Pasadena Police Department (municipal police force serving Pasadena, California) is the agency that released the video. Pasadena (city in Los Angeles County, California, known internationally for the Rose Bowl and Tournament of Roses Parade) is where the incident occurred. Ramona Street (central Pasadena street near civic buildings) is the location of the department parking structure cited by police. Gene Harris (Pasadena police chief) is the official who narrated the department's account of the incident. Los Angeles County District Attorney's Office (county prosecutorial authority for Los Angeles County) is reviewing the shooting alongside the department. California Assembly Bill 748 (2018 state transparency law on police critical-incident recordings) is the statute the department cites for releasing audio and video. California Government Code Section 7923.625 (current codification of the disclosure rule) sets conditions for withholding or releasing critical-incident recordings.

The broader view

How to read this story

The history

California's Legislature approved AB 748 in 2018, and the bill text says critical-incident recordings may generally be delayed for 45 calendar days during an active investigation, with further delay requiring justification. The Pasadena Police Department says its June 2026 release was delayed to protect investigative steps after the September 2025 shooting. Research gives a cautionary backdrop: Lum, Koper, Wilson, Stoltz and Goodier's 2020 Campbell systematic review found mixed effects from police body-worn cameras on officer and citizen behaviour, making policy design and enforcement as important as the camera itself.

Why now

The story is timely because Pasadena Police Department released the critical-incident video on June 10, 2026, months after the September 7, 2025 shooting, citing the need to protect investigative steps before publication.

What to watch

Watch for a Los Angeles County District Attorney's Office decision, any fuller Pasadena Police Department disciplinary disclosure, and whether additional records are released under California's public-records framework. The timing of those steps is not yet clear from the available official materials.

International angle

The case belongs mainly to United States policing, but it has cross-border relevance as a comparison point for countries expanding police camera use. Belgium's federal and local police operate under different law and oversight, yet the same basic governance questions recur: who controls release, how privacy is protected, and whether footage leads to accountability.

R44Every Belgium Impulse story carries this context — that’s the rule.

What this means for you

There is no direct action for Belgian residents. The practical takeaway for Belgian public bodies and police-watchers is comparative: camera adoption should be assessed together with release deadlines, privacy rules, internal discipline and independent review.

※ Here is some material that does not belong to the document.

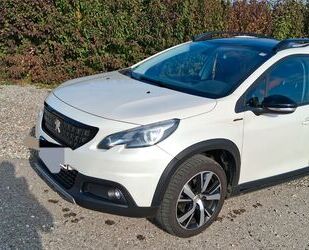 Peugeot 2008 Gebrauchtwagen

For general readers, graphic police footage can be disturbing and should be treated as evidence within an ongoing process, not as the whole record.

What happens next

The Los Angeles County District Attorney's Office and Pasadena Police Department are expected to continue reviewing the evidence. Pasadena Police Department says investigators are evaluating video recordings, witness statements, forensic evidence and other material. Further public signals could include a prosecutor decision, a fuller internal disciplinary outcome, or additional records released under California public-records rules.

Potential consequences

The case could pressure Pasadena Police Department to clarify firearm-handling discipline, training supervision and how quickly it discloses critical-incident video. Because the officer recovered, the broader consequence is less about casualty scale than institutional credibility. For other police agencies, including those watched from Belgium, the lesson is that cameras may expose misconduct but cannot substitute for command standards, disciplinary transparency or prosecutor review.

Opposing perspectives

  1. Pasadena Police Department / investigators

    Pasadena Police Department says the delayed release protected essential investigative steps while the case remained under review. That frame treats transparency as necessary but sequenced: video should be public, but not before witness statements, forensic work and internal review are far enough advanced to avoid compromising the record.

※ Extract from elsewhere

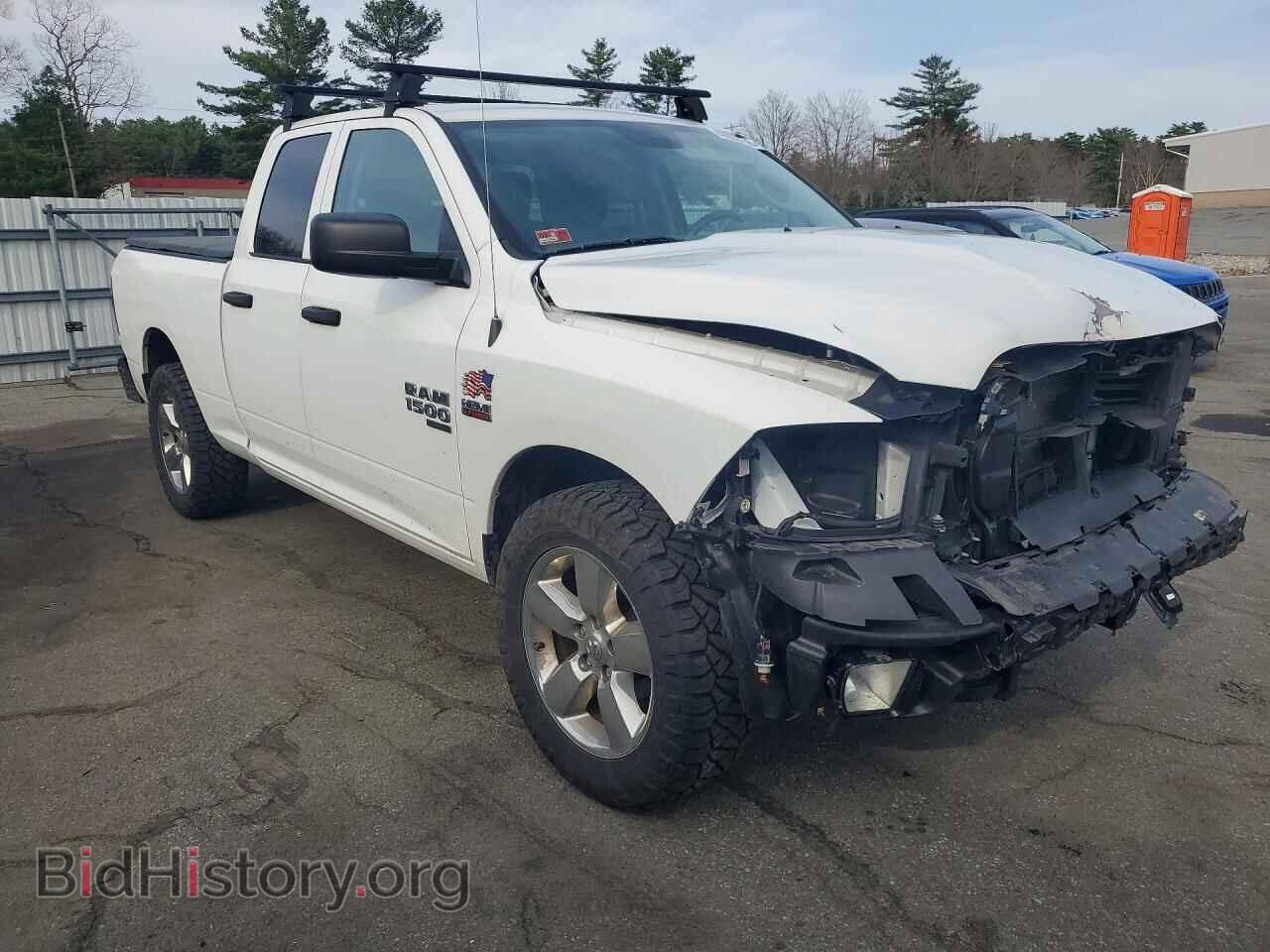 2019 RAM 1500 - VIN: 1C6RR7FT2KS607670 - Фото 4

  2. California transparency-law framework

    California's AB 748 framework starts from the opposite pressure point: recordings of police shootings are public-interest material and should be withheld only under defined investigation or privacy exceptions. The strongest version of this frame is that public trust requires disclosure rules that do not depend solely on police discretion.

Timeline

  1. 2018-09-30·California's governor approved AB 748, creating disclosure rules for police critical-incident recordings.
  2. 2019-07-01·The AB 748 disclosure provisions began applying to critical-incident recordings.
  3. 2025-09-07·Pasadena Police Department says one officer was injured in a shooting inside its parking structure.
  4. 2026-06-10·Pasadena Police Department released Critical Incident Information Video PA2025-70379.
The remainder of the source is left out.